• **ABOUT THIS EXERCISE**:
Write all of the entries out again exactly, but not the images.

[Dataset entries]
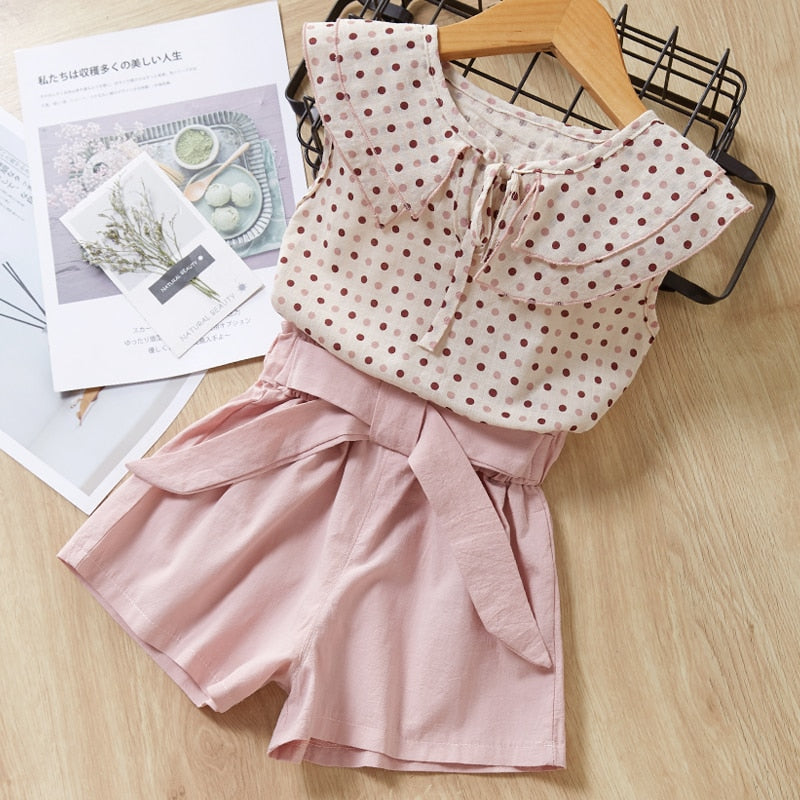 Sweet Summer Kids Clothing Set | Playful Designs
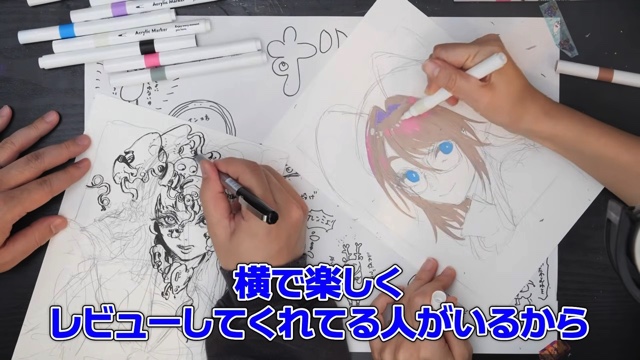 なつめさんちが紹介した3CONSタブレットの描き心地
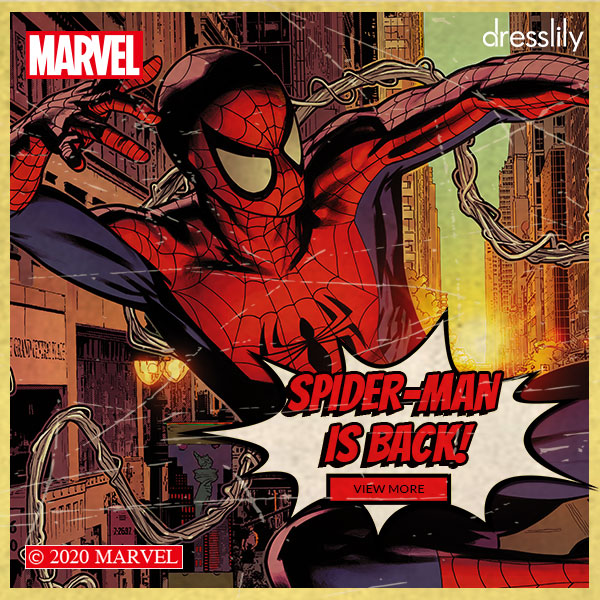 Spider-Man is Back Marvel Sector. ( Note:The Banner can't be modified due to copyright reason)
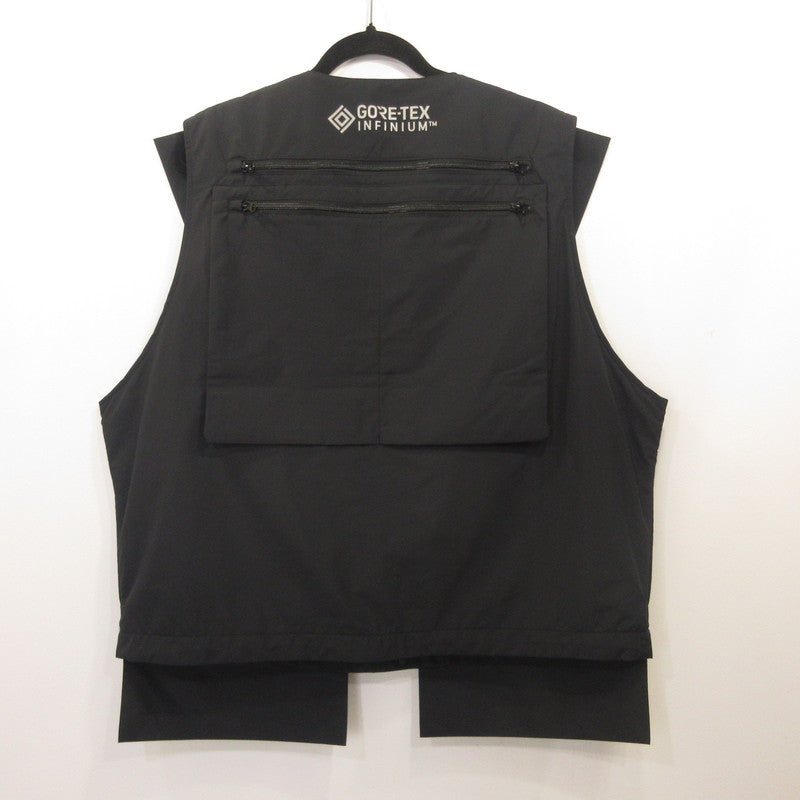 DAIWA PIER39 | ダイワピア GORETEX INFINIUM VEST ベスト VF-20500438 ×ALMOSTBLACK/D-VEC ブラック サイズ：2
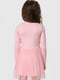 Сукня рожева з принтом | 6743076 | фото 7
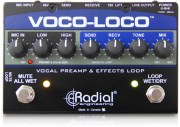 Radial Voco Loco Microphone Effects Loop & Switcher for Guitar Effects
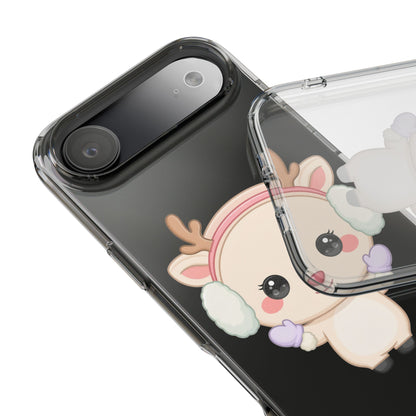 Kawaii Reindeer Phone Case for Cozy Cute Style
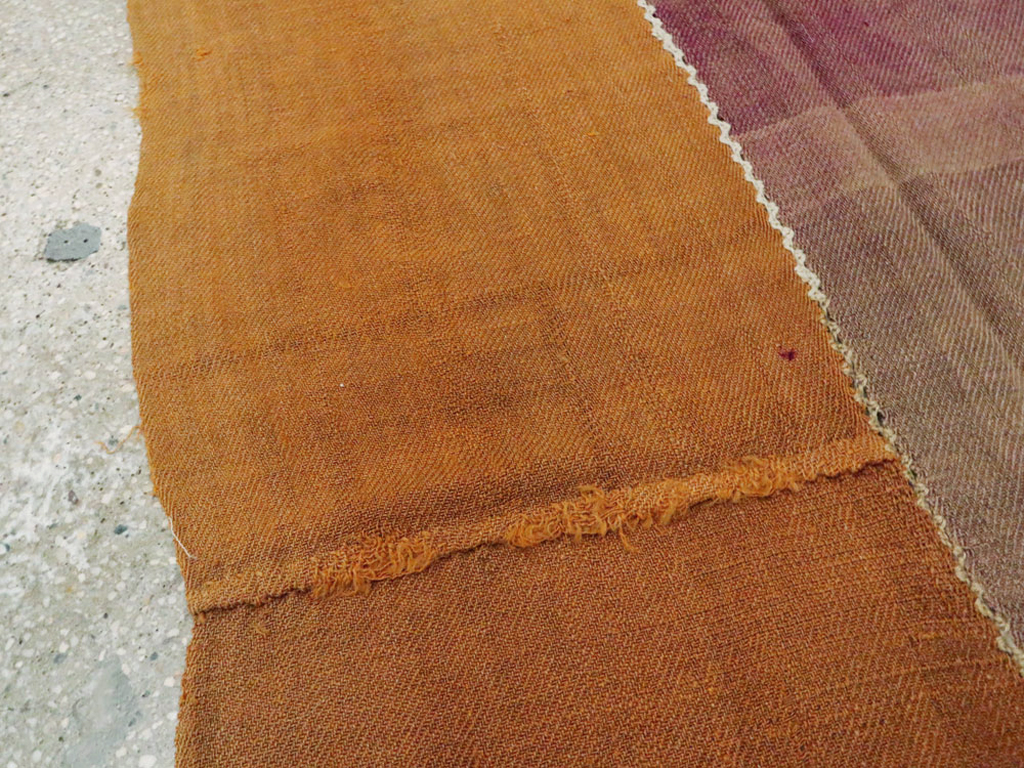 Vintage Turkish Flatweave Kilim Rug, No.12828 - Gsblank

• **ANSWER FOR THIS EXERCISE**:
 Sweet Summer Kids Clothing Set | Playful Designs
 なつめさんちが紹介した3CONSタブレットの描き心地
 Spider-Man is Back Marvel Sector. ( Note:The Banner can't be modified due to copyright reason)
 DAIWA PIER39 | ダイワピア GORETEX INFINIUM VEST ベスト VF-20500438 ×ALMOSTBLACK/D-VEC ブラック サイズ：2
 Сукня рожева з принтом | 6743076 | фото 7
 Radial Voco Loco Microphone Effects Loop & Switcher for Guitar Effects
 Kawaii Reindeer Phone Case for Cozy Cute Style
 Vintage Turkish Flatweave Kilim Rug, No.12828 - Gsblank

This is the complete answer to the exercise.